Provided data:
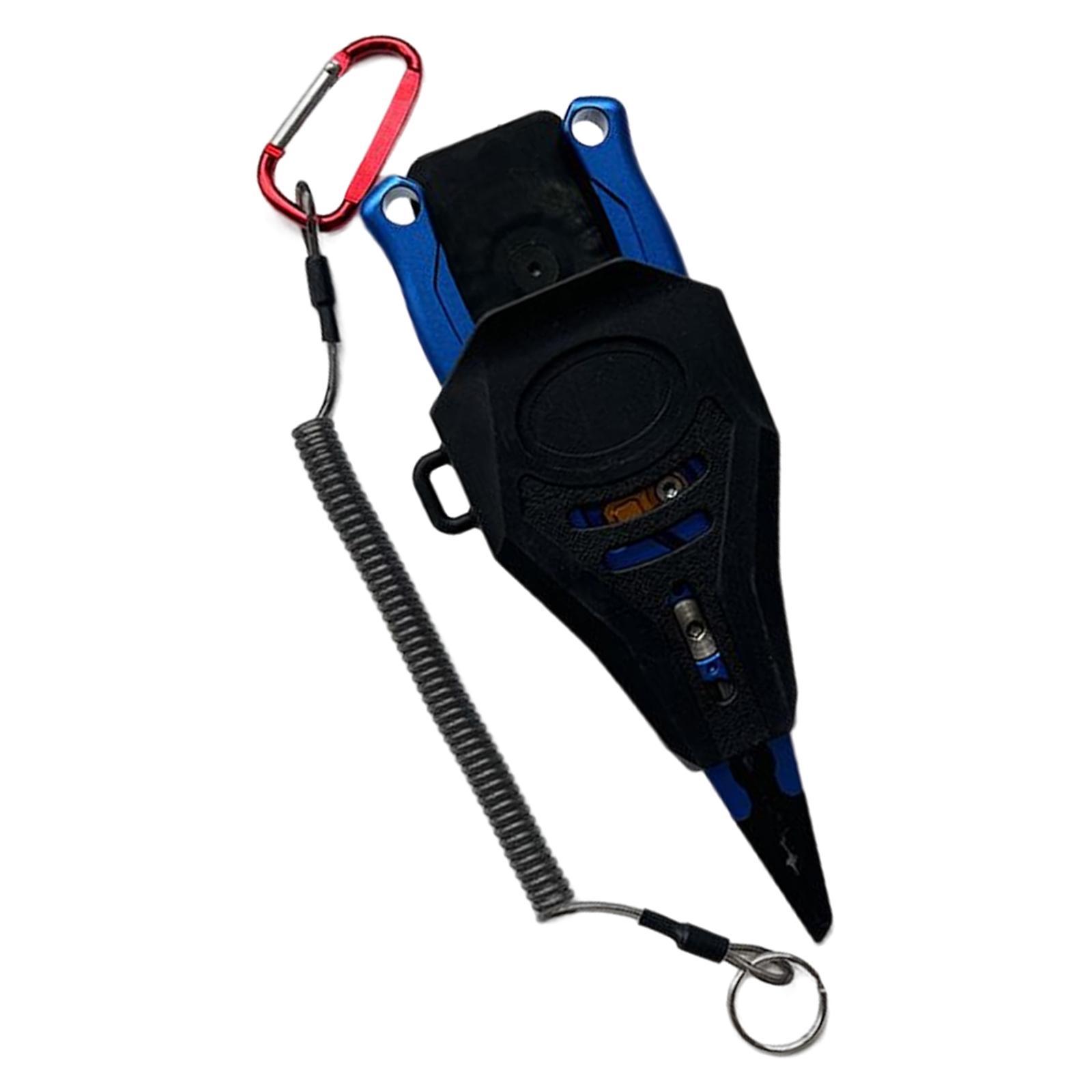 Fishing Pliers, Aluminum Alloy Hook Remover for Freshwater Saltwater Fishing Equipped with Lanyard
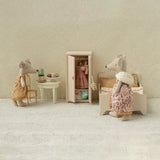 Maileg - Bett – Maus Puppenhaus • Creme - Spielzeug - ROSA ECK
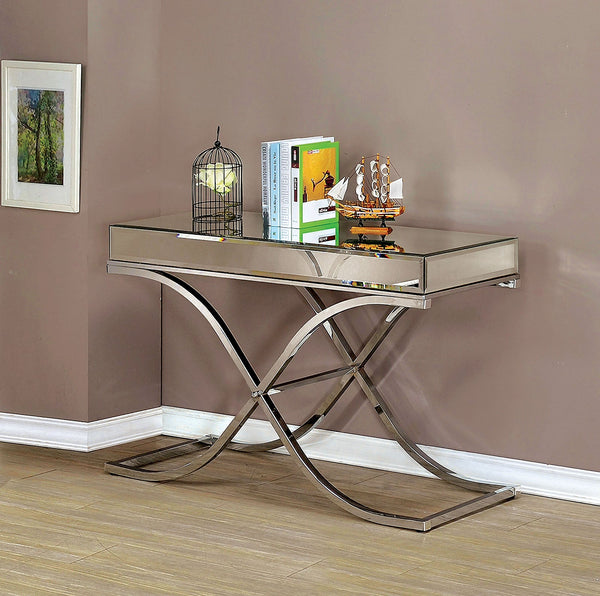 SUNDANCE Chrome Sofa Table, Chrome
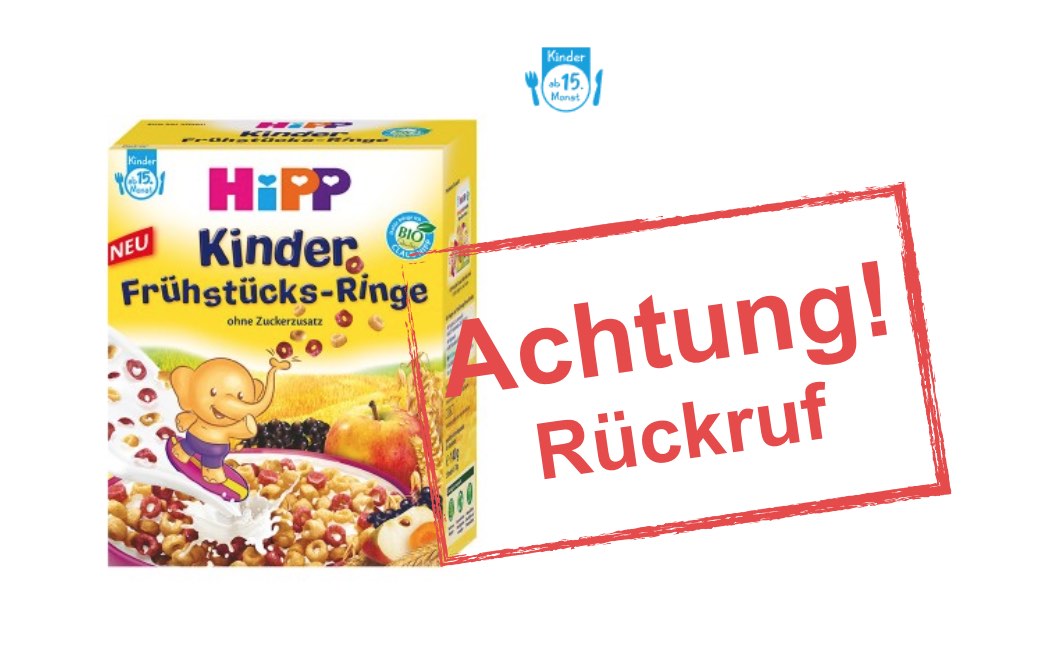 HiPP ruft Kinder Frühstücks-Ringe zurück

Work task:
Begin with the line holding "Maileg - Bett" and end with the last line of the listing. Reproduce each of those lines exactly, and leave every picture out.

Output below:
 Maileg - Bett – Maus Puppenhaus • Creme - Spielzeug - ROSA ECK
 SUNDANCE Chrome Sofa Table, Chrome
 HiPP ruft Kinder Frühstücks-Ringe zurück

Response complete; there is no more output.